The data:
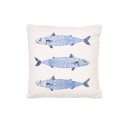 Fish Cushion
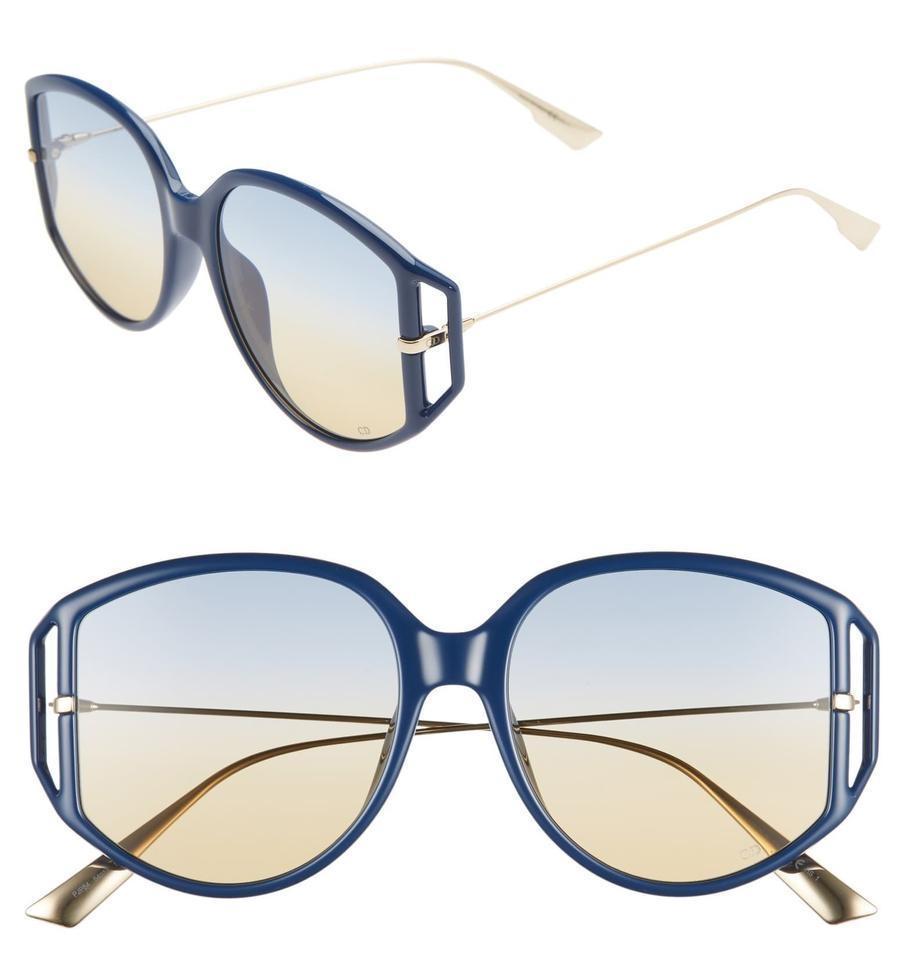 CHRISTIAN DIOR DIORDIRECTION2 PJP84 Sunglasses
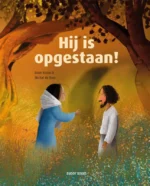 Hij is opgestaan | 9789088973406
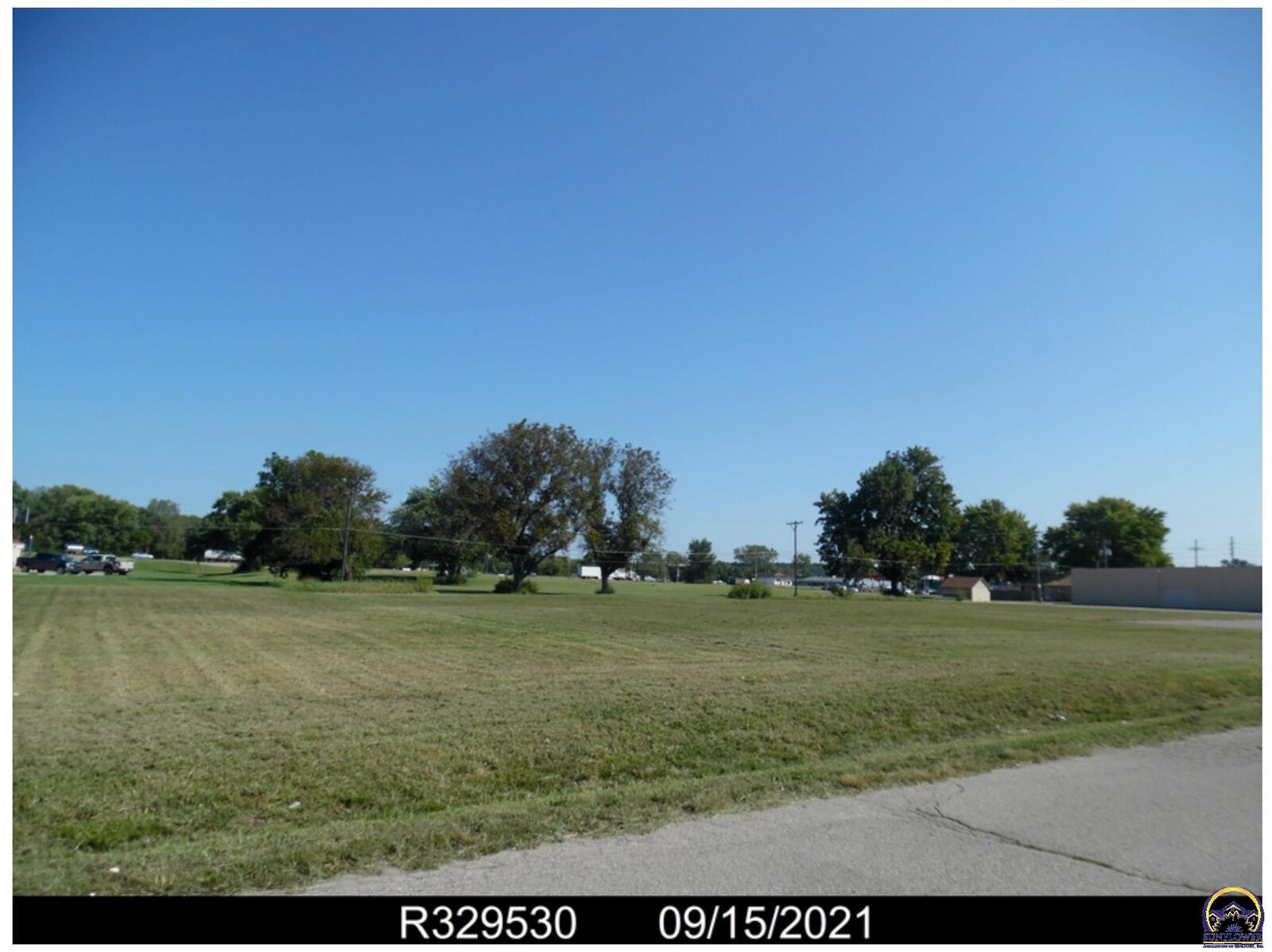 Property Photo: 104 NW Elm Row Ave KS 66608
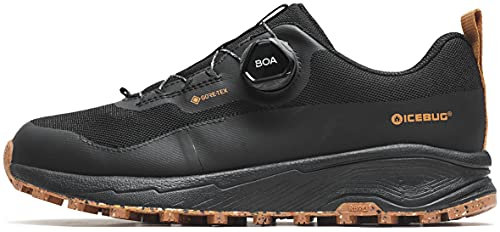 Icebug Haze RB9X GTX Laufschuhe Damen schwarz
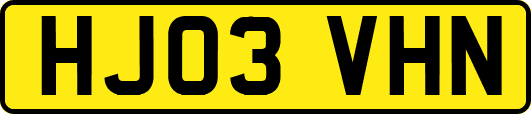 HJ03VHN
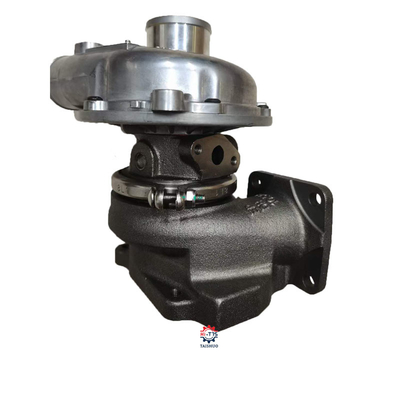 Giá tốt 4JJ1 VA430101 8981851941 Dành cho Bộ tăng áp động cơ ZAX180-3 ZAX160LC-3 trực tuyến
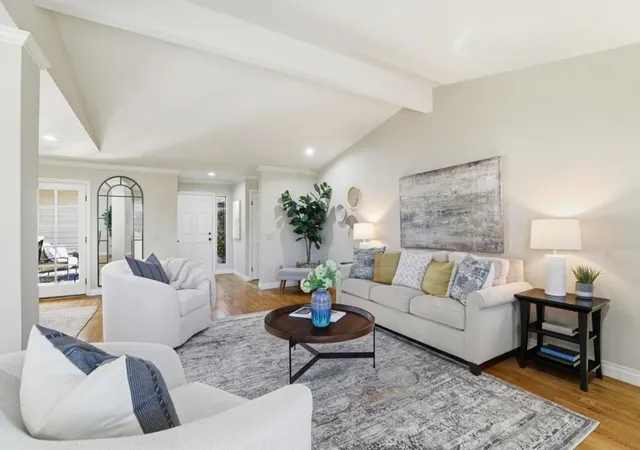 4th image of 7351 Via Laguna, San Jose, CA 95135 | MLS# ML82035799
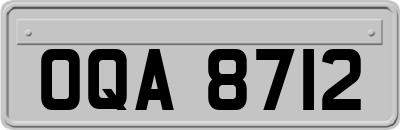 OQA8712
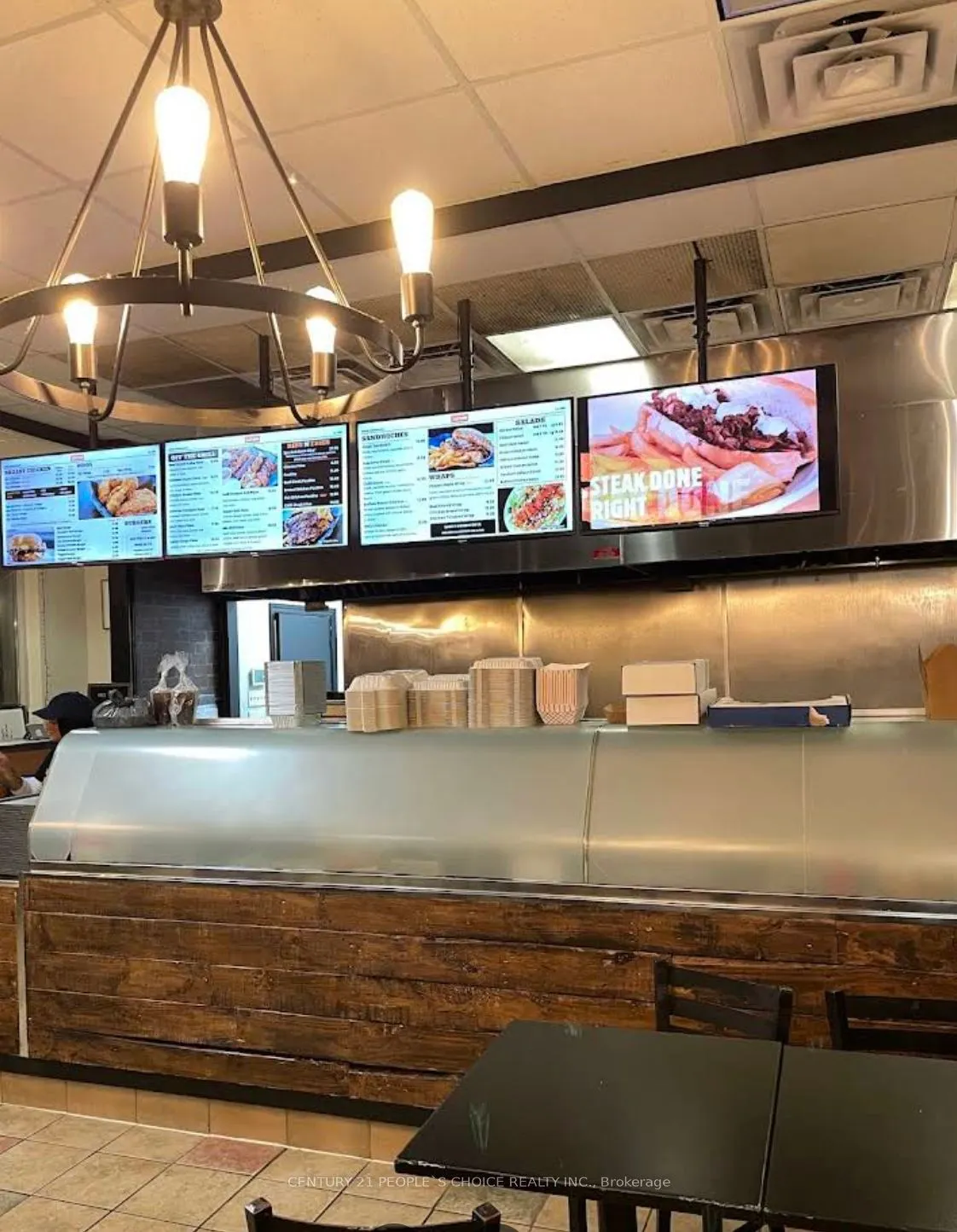 2290 Markham Road, #B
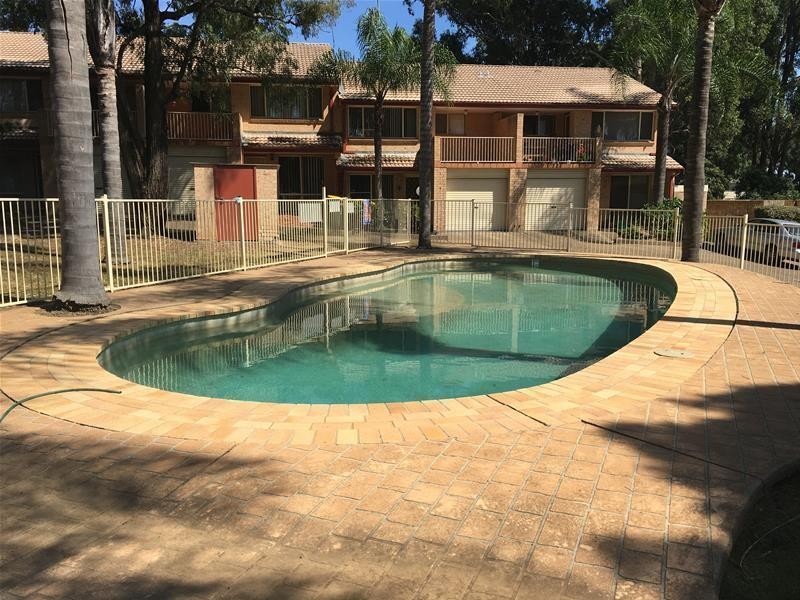 Quakers Hill NSW 2763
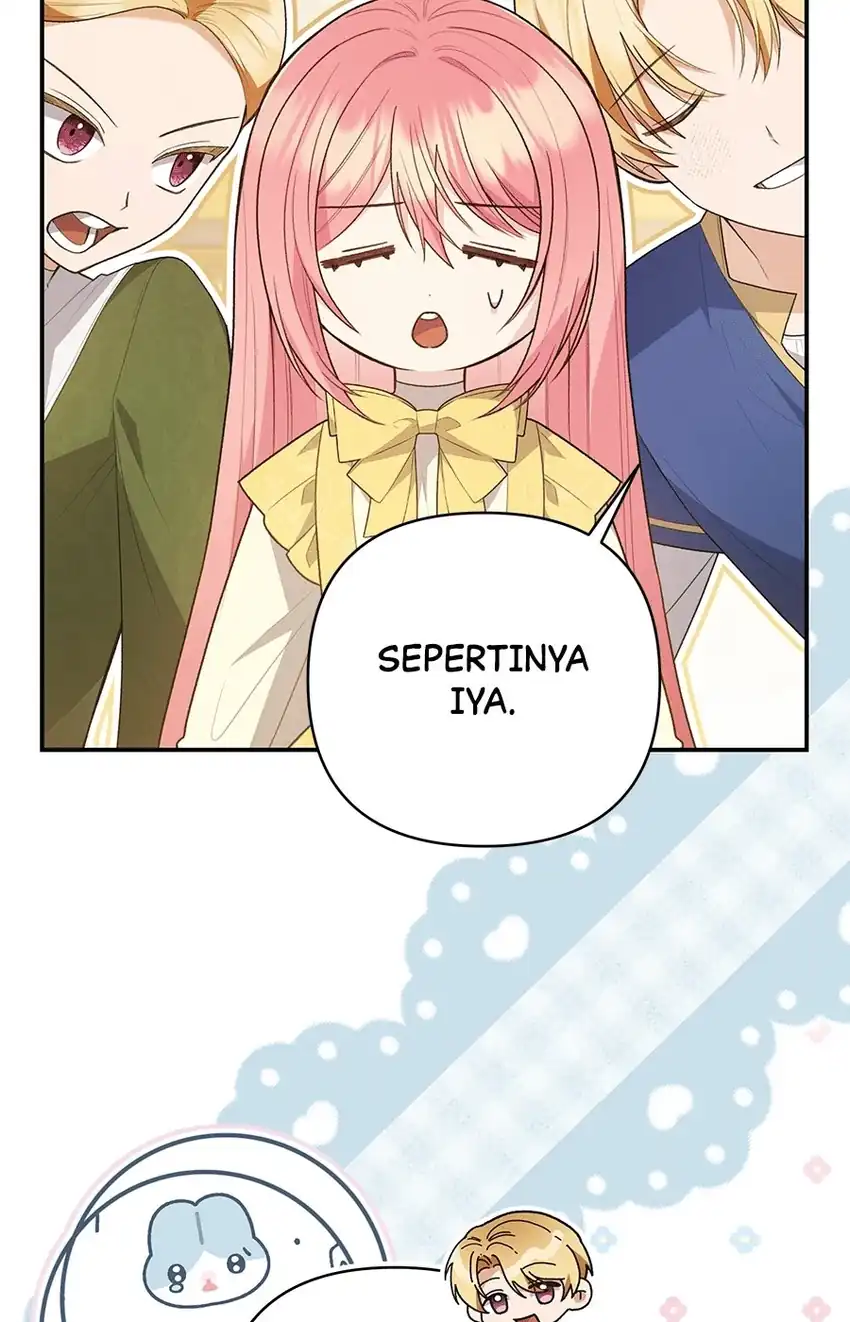 The Youngest Daughter of the Great Magician of a Famous Swordsmanship Family Chapter 17 Gambar 38
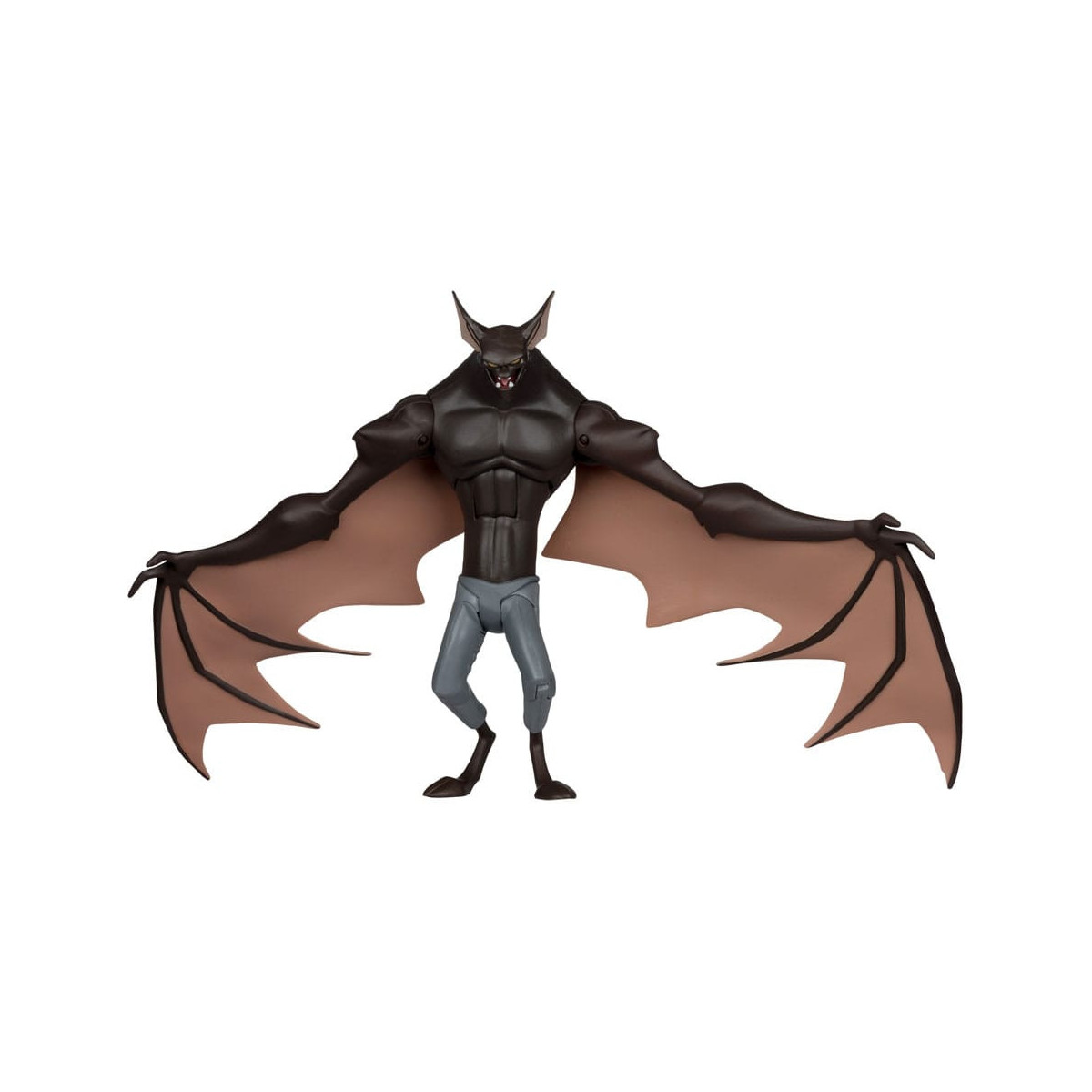 Mc Farlane DC Direct - Man-Bat (Gold Label) - Batman: The Animated Series 1992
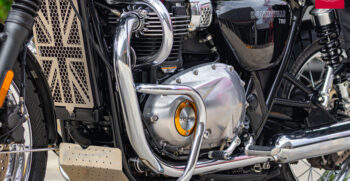 11BMW R18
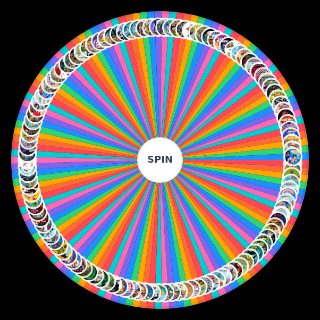 Cartoon Network Programming Random Generator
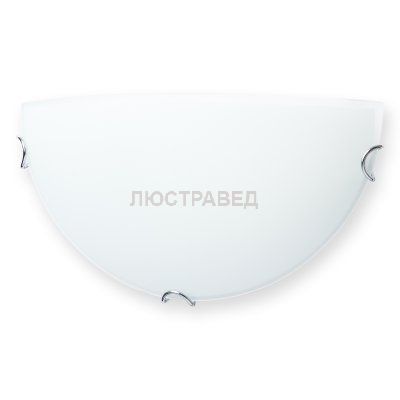 Настенно-потолочный светильник HILLARY TL9020Y-01WH Toplight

Task details: Exact wording is required throughout: write out all the records, but no pictures.

Response for this exercise:
 Fish Cushion
 CHRISTIAN DIOR DIORDIRECTION2 PJP84 Sunglasses
 Hij is opgestaan | 9789088973406
 Property Photo: 104 NW Elm Row Ave KS 66608
 Icebug Haze RB9X GTX Laufschuhe Damen schwarz
 HJ03VHN
 Giá tốt 4JJ1 VA430101 8981851941 Dành cho Bộ tăng áp động cơ ZAX180-3 ZAX160LC-3 trực tuyến
 4th image of 7351 Via Laguna, San Jose, CA 95135 | MLS# ML82035799
 OQA8712
 2290 Markham Road, #B
 Quakers Hill NSW 2763
 The Youngest Daughter of the Great Magician of a Famous Swordsmanship Family Chapter 17 Gambar 38
 Mc Farlane DC Direct - Man-Bat (Gold Label) - Batman: The Animated Series 1992
 11BMW R18
 Cartoon Network Programming Random Generator
 Настенно-потолочный светильник HILLARY TL9020Y-01WH Toplight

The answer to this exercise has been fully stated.